Today, it is one month until the EU Market Abuse Regulation 596/2014 ("MAR") enters into force in Norway on 1 March 2021. MAR involves important changes for the participants in the Norwegian financial market, including issuers, investment banks and investors. Below you will find selected checklist items for issuers. In particular, it is worth noting that, in addition to issuers on Oslo Børs and Euronext Expand, issuers on Euronext Growth will be subject to MAR. Are you ready?
- Do we have an updated overview of primary insiders and close associates?
MAR makes extensive changes to the regulation of primary insiders and their close associates' reporting obligations. The definition of primary insiders is somewhat narrowed, while the definition of close associates to primary insiders is expanded. A significant change with MAR is that all close associates of a primary insider shall be listed in the primary insider register regardless of whether the person owns financial instruments in the issuer or not. The issuer must update the list of primary insiders and all close associates in Newspoint.
- Have we prepared an information letter to inform primary insiders in writing of their obligations pursuant to MAR, and an information letter that our primary insiders can use to inform their close associates?
MAR introduces a requirement for the issuer to inform their primary insiders in writing of their obligations under MAR, and primary insiders are correspondingly required to inform their close associates in writing of their obligations. Close associates of primary insiders will have an independent duty to give notifications of their transactions.
- Do we have updated procedures for disclosure of notifications of transactions made by primary insiders and their close associates?
Pursuant to MAR, such notifications shall be sent from the primary insider/close associate to both the issuer and the Financial Supervisory Authority of Norway (via Altinn), while the issuer is obligated to publish the notifications. Note that close associate will have an independent duty to give notifications of transactions, as opposed to today where the duty is imposed on the primary insider. Furthermore, the obligation to disclose primary insider notifications is extended to apply to more types of transactions (e.g. inheritance, gifts, loans and mortgages) and financial instruments (e.g. bonds) than before.

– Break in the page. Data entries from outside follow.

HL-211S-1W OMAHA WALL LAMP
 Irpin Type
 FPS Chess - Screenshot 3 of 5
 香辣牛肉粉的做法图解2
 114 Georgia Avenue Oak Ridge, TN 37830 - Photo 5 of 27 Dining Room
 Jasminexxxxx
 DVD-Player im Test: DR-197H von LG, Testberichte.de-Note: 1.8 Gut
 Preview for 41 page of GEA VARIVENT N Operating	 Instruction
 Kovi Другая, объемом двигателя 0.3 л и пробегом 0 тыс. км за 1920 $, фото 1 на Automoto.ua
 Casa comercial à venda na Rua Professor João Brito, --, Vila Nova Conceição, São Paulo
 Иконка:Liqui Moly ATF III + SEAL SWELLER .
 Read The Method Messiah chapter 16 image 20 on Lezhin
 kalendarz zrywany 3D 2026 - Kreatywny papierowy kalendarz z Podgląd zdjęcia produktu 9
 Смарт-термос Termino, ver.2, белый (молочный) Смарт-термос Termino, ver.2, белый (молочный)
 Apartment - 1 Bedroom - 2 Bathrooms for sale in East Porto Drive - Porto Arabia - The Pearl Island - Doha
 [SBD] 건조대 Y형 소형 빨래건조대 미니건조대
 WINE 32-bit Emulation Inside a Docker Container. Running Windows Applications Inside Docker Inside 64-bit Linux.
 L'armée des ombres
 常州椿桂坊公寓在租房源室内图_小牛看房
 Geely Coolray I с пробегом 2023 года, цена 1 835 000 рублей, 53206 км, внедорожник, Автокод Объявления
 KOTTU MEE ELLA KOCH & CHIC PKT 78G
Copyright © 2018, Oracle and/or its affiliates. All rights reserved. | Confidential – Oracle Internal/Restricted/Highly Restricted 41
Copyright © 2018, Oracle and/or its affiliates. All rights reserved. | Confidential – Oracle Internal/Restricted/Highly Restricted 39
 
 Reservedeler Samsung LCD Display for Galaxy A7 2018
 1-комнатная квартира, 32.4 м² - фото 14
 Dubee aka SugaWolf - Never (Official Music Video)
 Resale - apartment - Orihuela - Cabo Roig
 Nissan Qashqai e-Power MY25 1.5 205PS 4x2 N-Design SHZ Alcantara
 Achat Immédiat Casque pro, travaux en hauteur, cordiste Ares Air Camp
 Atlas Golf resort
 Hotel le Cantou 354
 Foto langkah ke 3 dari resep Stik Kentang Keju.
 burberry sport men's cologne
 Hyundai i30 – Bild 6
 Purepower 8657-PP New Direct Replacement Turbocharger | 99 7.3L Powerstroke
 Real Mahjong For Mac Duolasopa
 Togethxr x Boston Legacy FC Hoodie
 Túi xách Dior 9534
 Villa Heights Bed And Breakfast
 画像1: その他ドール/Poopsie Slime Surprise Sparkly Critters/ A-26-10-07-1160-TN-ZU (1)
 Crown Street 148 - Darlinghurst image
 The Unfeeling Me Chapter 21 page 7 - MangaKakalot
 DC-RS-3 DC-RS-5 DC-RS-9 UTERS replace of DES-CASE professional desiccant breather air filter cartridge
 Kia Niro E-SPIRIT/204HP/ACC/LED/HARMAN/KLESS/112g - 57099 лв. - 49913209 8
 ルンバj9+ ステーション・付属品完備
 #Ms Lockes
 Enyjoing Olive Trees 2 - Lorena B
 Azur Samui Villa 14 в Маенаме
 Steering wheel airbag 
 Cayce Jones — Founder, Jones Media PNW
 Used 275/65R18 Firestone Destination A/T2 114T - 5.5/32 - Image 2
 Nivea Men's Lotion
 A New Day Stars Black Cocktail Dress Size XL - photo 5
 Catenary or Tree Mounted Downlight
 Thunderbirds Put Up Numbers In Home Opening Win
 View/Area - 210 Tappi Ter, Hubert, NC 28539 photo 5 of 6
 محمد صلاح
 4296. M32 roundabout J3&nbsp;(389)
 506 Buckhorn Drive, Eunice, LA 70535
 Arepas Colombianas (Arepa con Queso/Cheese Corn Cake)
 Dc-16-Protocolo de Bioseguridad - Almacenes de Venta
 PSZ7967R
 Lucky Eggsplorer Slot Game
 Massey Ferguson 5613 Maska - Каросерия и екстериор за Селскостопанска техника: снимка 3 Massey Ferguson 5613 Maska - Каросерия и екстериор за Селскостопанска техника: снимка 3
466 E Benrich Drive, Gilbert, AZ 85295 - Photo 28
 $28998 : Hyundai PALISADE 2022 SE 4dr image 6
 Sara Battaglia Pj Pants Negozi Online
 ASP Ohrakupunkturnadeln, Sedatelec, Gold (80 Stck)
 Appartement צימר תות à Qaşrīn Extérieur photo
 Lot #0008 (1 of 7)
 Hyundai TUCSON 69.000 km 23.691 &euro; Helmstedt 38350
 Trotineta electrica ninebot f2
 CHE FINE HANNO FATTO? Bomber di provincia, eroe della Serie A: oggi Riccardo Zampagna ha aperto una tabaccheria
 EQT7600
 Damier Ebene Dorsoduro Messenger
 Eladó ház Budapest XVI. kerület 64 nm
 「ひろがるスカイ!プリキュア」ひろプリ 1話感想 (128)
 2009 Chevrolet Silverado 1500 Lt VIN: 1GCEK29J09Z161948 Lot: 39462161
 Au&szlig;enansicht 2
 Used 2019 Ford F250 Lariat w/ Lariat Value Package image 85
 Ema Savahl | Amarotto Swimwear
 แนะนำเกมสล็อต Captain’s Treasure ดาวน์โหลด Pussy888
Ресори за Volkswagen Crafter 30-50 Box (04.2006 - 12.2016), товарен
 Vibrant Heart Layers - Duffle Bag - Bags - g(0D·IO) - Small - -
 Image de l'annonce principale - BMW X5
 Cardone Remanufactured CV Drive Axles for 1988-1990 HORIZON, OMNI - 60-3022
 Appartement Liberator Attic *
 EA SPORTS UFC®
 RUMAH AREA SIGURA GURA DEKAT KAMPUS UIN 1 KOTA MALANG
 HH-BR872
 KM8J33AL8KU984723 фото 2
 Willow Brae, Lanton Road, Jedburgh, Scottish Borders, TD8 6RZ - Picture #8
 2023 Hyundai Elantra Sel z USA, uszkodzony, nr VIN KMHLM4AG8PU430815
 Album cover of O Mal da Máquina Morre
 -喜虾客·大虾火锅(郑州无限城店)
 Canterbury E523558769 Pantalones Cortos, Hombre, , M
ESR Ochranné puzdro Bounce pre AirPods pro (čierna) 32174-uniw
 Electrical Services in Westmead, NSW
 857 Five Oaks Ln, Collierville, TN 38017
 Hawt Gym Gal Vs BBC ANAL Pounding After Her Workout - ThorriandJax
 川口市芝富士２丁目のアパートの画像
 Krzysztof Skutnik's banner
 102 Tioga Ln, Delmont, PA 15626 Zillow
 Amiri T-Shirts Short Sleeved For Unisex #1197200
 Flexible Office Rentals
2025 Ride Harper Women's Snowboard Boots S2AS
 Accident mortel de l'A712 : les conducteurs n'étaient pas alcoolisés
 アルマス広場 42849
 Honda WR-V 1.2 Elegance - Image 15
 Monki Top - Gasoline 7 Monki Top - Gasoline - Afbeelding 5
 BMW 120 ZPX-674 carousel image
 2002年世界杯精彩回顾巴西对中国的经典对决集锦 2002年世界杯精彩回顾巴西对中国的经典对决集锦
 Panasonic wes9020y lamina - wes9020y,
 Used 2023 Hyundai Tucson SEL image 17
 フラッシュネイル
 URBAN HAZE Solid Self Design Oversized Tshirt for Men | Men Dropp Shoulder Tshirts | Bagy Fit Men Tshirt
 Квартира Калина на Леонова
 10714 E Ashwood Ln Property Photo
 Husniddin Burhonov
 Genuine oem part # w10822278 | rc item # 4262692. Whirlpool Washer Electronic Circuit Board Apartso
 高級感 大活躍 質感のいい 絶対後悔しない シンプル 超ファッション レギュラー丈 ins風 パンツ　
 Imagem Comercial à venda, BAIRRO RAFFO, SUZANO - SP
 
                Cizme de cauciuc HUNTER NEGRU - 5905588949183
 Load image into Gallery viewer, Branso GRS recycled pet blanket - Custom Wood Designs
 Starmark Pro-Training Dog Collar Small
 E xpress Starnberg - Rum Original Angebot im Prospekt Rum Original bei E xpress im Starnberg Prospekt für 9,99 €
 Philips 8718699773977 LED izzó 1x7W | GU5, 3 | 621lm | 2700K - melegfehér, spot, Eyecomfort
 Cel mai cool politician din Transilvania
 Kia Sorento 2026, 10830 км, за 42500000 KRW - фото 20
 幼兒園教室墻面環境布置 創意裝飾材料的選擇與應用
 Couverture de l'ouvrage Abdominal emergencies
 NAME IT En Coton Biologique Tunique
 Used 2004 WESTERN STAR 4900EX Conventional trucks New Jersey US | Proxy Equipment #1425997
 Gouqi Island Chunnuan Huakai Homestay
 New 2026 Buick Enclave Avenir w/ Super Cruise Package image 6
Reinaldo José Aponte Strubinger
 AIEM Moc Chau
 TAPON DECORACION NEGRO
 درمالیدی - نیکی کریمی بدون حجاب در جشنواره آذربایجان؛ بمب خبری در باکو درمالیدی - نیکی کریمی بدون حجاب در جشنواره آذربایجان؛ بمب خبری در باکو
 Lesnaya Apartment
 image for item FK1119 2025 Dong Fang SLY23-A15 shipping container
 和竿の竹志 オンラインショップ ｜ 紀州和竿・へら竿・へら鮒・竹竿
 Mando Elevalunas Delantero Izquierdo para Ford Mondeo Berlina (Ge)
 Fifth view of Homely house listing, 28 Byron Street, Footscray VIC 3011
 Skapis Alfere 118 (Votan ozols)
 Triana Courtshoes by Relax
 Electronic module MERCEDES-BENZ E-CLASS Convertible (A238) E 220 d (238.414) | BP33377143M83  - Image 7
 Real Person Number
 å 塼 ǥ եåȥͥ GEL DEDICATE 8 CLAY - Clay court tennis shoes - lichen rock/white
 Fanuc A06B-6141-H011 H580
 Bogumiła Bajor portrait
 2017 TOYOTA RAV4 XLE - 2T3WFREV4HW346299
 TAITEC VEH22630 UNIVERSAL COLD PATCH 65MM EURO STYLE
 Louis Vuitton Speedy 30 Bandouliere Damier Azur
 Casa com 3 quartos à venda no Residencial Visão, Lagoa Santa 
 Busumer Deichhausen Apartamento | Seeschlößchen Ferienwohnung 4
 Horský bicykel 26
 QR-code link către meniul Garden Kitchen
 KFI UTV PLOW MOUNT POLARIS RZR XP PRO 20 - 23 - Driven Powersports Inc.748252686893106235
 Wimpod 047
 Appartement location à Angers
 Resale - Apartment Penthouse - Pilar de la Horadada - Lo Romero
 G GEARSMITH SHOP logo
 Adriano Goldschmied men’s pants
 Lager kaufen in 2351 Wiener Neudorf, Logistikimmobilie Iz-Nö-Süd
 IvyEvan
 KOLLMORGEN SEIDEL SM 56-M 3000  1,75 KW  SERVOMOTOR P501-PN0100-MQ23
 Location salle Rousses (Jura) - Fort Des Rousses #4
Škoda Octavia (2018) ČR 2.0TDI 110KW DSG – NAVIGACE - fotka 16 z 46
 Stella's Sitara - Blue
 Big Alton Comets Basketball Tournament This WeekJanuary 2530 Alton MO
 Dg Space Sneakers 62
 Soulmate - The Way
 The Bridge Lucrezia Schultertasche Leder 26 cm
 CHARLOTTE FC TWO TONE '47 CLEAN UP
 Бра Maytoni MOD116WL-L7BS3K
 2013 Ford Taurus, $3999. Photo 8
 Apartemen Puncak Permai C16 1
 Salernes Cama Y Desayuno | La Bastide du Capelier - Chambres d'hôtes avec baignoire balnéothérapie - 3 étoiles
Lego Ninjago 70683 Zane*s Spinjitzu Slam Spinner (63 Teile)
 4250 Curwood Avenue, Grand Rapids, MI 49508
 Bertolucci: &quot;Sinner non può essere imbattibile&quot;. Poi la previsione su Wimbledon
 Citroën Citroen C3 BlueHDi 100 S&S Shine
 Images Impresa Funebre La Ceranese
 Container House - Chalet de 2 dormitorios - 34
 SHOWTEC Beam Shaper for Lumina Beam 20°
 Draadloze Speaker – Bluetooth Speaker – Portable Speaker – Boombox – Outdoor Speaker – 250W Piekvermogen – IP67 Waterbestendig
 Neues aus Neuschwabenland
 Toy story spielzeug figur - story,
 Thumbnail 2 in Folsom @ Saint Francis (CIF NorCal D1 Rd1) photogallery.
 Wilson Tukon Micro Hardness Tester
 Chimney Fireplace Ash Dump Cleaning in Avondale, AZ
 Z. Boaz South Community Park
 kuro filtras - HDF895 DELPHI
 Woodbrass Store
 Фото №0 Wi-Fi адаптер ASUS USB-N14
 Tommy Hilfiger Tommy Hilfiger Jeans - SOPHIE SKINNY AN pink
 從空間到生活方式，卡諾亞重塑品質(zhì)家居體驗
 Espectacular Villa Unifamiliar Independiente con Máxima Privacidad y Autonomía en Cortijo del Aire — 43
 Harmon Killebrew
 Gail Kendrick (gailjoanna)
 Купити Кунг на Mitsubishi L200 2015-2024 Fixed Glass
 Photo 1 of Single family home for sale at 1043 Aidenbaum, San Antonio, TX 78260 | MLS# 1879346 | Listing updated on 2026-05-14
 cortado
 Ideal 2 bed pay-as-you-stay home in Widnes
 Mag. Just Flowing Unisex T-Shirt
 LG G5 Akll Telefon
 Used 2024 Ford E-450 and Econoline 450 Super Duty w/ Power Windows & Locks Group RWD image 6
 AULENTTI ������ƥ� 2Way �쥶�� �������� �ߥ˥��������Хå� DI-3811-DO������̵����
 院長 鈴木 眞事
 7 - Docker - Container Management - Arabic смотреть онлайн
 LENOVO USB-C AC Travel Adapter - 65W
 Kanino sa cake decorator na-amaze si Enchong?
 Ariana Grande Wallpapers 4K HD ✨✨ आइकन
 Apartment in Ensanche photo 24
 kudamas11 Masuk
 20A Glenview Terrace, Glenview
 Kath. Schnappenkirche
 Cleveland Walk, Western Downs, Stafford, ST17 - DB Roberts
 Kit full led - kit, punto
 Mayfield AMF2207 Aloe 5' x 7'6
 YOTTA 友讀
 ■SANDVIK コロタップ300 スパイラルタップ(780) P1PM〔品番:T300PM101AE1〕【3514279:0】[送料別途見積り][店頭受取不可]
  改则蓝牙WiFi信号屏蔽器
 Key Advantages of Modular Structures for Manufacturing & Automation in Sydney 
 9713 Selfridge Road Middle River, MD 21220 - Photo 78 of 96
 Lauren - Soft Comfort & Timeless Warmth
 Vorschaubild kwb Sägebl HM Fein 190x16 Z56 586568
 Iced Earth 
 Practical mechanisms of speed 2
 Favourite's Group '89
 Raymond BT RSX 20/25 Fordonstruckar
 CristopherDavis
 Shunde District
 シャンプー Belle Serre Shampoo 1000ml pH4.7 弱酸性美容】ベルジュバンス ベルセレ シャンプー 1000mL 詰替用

- Have we prepared procedures for "red periods"?
MAR sets out a new trading prohibition for primary insiders for a 30-day period prior to publication of mandatory financial reports.
- Do we have a system to keep track of primary insiders' transaction volume?
A threshold of EUR 5,000 will apply before primary insiders' duty to disclose transactions occurs, which implies that primary insiders can carry out transactions for up to EUR 4,999 annually without triggering the notification obligation, contrary to today where every transaction triggers a notification.
- Are we aware of the changed deadline for primary insider notifications?
With MAR, the deadline for primary insider notifications is changed to promptly and no later than within three business days after the transaction.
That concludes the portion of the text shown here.